Ecco alcune proposte che possono essere
applicate, non solo nello Stato italiano.
a) La
politica di riconoscimento e valorizzazione linguistica non deve essere
decisa e gestita dai governi centrali e dagli Stati, ma dalle Regioni e
da altri Enti Locali che siano espressione delle Comunità
locali. È così che le cosidette "minoranze" potranno
uscire dal ghetto minoritario, per diventare realmente Comunità
attive e riconosciute con gli stessi diritti delle "maggioranze" di
Stato. Le istituzioni internazionali quindi devono prendere atto dei
riconoscimenti attuati a livello Regionale e non di quelli a livello
Statale.
b) Avviare
ed educare a una politica plurilinguistica e multiculturale. Una
società multiculturale è realizzabile solo se la
valorizzazione delle varie culture autoctone e delle comunità
alloctone è reciproca. E questo può accadere solo se si
parte dalla valorizzazione delle culture e lingue locali e regionali,
per arrivare via via anche a quelle delle comunità alloctone
residenti sul territorio ed all'insegnamento delle lingue straniere per
comunicare con il mondo esterno. In pratica bisogna mirare ad una forma
di tutela ed educazione che potremmo definire a cipolla,
partendo dalla cultura locale per espandersi gradatamente verso il
mondo. La xenofobia ed il razzismo si possono combattere con successo
solo con la tutela di ogni cultura. In questo modo nessuna
comunità si sente esclusa o "non a casa propria", e le forze
xenofobe si vedono così private dell'alibi della difesa
dell'identità autoctona. A tale riguardo, è interessante
studiare ed approfondire i metodi integrativi, basati su un approccio
multiculturale, che si stanno sperimentando con successo nei Paesi
Bassi e che vengono portati avanti anche in Frisia di pari passo con la
tutela della Lingua Frisona.
c)
La politica di valorizzazione e riconoscimento delle lingue
regionali a livello europeo deve essere attuata in modo estensivo, in
modo da garantire la piena tutela anche a quelle lingue oggi relegate
dagli Stati nel ghetto dei "dialetti".
d)
È necessario far capire a chi si occupa della salvaguardia
di culture lingue e tradizioni locali, che "ogni dialetto è una
lingua" e che la distinzione di valore tra lingua e dialetto è
solo una finzione politica. Spesso, in Italia, molti gruppi culturali
tutelano le proprie lingue regionali (accade in Emilia, Romagna,
Lombardia, Liguria ) tramite lodevolissime iniziative che hanno un
grande successo di pubblico. Però 160 anni di propaganda di
stampo centralista giacobino al motto di "Uno stato,una nazione,una
lingua" (lo stesso utilizzato in Francia), hanno fatto perdere loro una
piena coscienza di appartenenza culturale a molte di queste
comunità regionali che, mentre fanno una politica chiaramente
multilinguistica, chiamano le loro lingue "dialetti", autoconfinandosi
così in un ghetto-museo e negandosi ulteriori sviluppi. Le
parole scritte dal friulano Pier Paolo Pasolini durante il periodo
della Resistenza, ci sono da esempio: "Il "dialetto"

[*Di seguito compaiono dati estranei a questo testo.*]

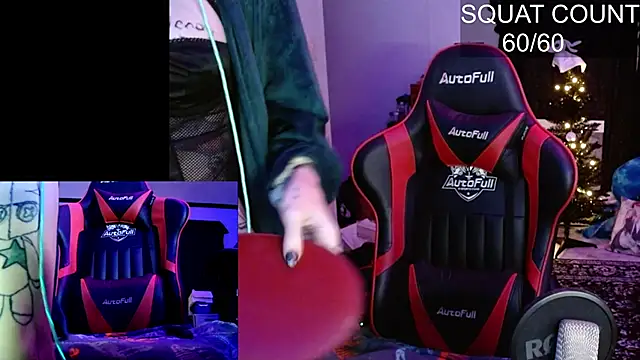 alicewonder09 online show from November 30, 2025, 5:00 am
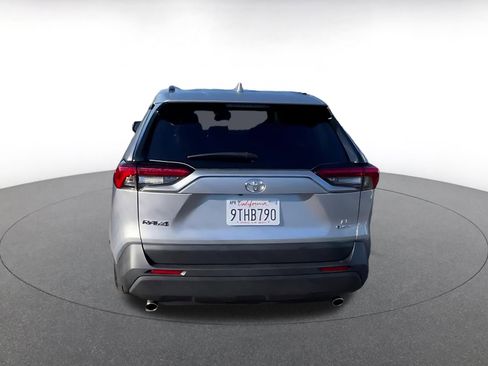 Used 2025 Toyota RAV4 LE image 12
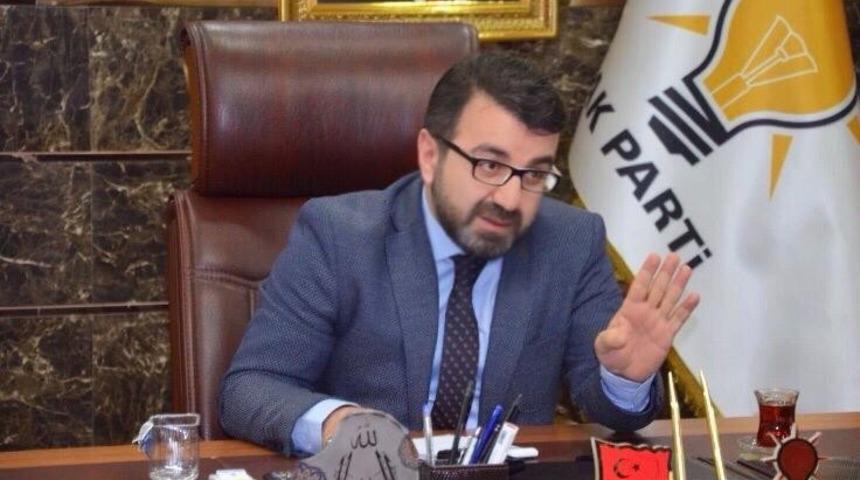 AK Parti Batman İl Başkanı G&uuml;r&rsquo;den korona vir&uuml;s uyarısı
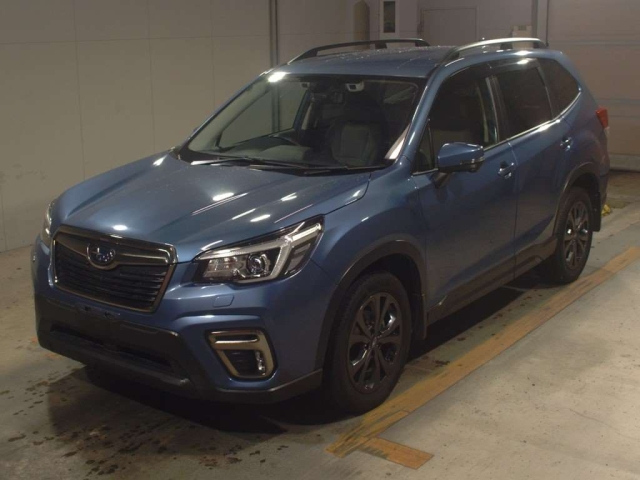 SUBARU FORESTER 2020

diventa lingua, quando viene scritto ed adoperato per esprimere i
sentimenti più alti del cuore…per esprimere le proprie
idee, il proprio sentire, i propri desideri".
e) Quando
vengono riconosciute lingue minoritarie ancora prive di una forma
scritta standard, è necessario individuare per i documenti
ufficiali una forma minima intellegibile da tutti i parlanti, che al
tempo stesso permetta di continuare a usare e valorizzare tutte le
varianti locali di quella lingua. Non bisogna ripetere gli errori della
linguistica statalista, mettendosi alla ricerca delle varietà
"pure" di queste lingue da imporre sulle altre. Queste famiglie di
dialetti esistono come lingue proprio perché le loro
diverse varianti sono mutualmente intellegibili, e tutte le varianti
sono linguisticamente sullo stesso piano. Questo si può vedere
benissimo analizzando la situazione del Sardo (già riconosciuto,
ma ancora privo di una forma standard) o di altre lingue come
l'Emiliano.
f) Da parte delle diverse associazioni culturali, dei gruppi musicali e che si occupano dell' educazione, dei linguisti che si occupano di lingue regionali si dovrebbe costituire, grazie ai bassi costi delle tecnologie informatiche moderne (Internet e posta elettronica), un "network" che permetta di sviluppare iniziative comuni a livello internazionale e scambiarsi esperienze ed informazioni utili.